With shipping rates soaring, leading commodity shipping stocks are firmly in the green this year, and show no signs of slowing down.

Tsakos Energy Navigation (NYSE: TNP) and Teekay Tankers (NYSE: TNK) recently hit fresh 52-week highs, as did dry bulk carrier owners Genco Shipping & Trading (NYSE: GNK), Golden Ocean (NASDAQ: GOGL. TNP is now up 40.1% in the year-to-date; TNK has climbed 51.0%, GNK has gained 34.9% while GOGL has rallied 46.3%.

Tanker stocks have been more of a mixed bag: Scorpio Tankers (NYSE: STNG) is up 34.9% YTD; Frontline Plc (NYSE:FRO)+42.4%, Nordic American Tankers (NYSE: NAT) -1.2%, Euronav (NYSE: EURN)-3.9% while International Seaways (NYSE: INSW) has returned 45.3%.

Source: Drewry

According to Lloyd List, broad gains by shipping stocks can be chalked up to an improved operating model. In the pre-financial-crisis era of 2008, shipping companies featured highly cyclical revenues with heavy capital expenditures on newbuildings, equity sales to fund growth, full dividend payouts, and very high debt levels. However, they have mostly changed their playbook, especially larger spot-centric bulk commodity shipping owners.
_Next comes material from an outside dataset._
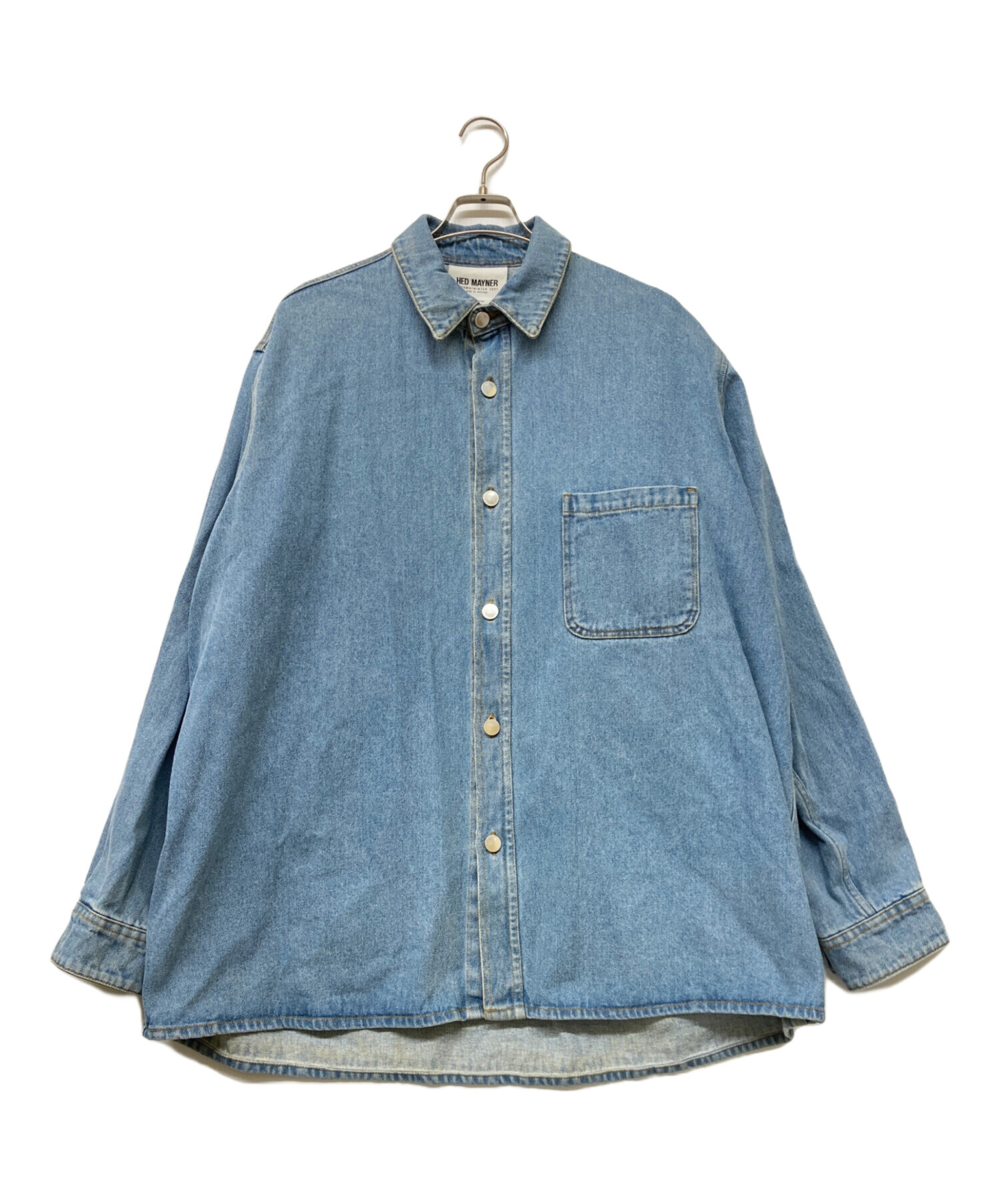 中古・古着通販】Hed Mayner (ヘド メイナー) オーバーサイズデニム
Mirroring the similarly retooled strategy of U.S. oil exploration and production (E&P) companies, shipping companies now have much lower debt to reduce break-evens, limited capital expenditures, more sustainable shareholder returns including dividend payouts, and share buybacks when stock prices are below net asset value (NAV).

 According to Clarksons Securities analyst Frode Morkedal, these changes have led to “a significantly more receptive investor market for shipping. Shipping stocks have made a significant turnaround this earnings season, outperforming the previous two quarters.”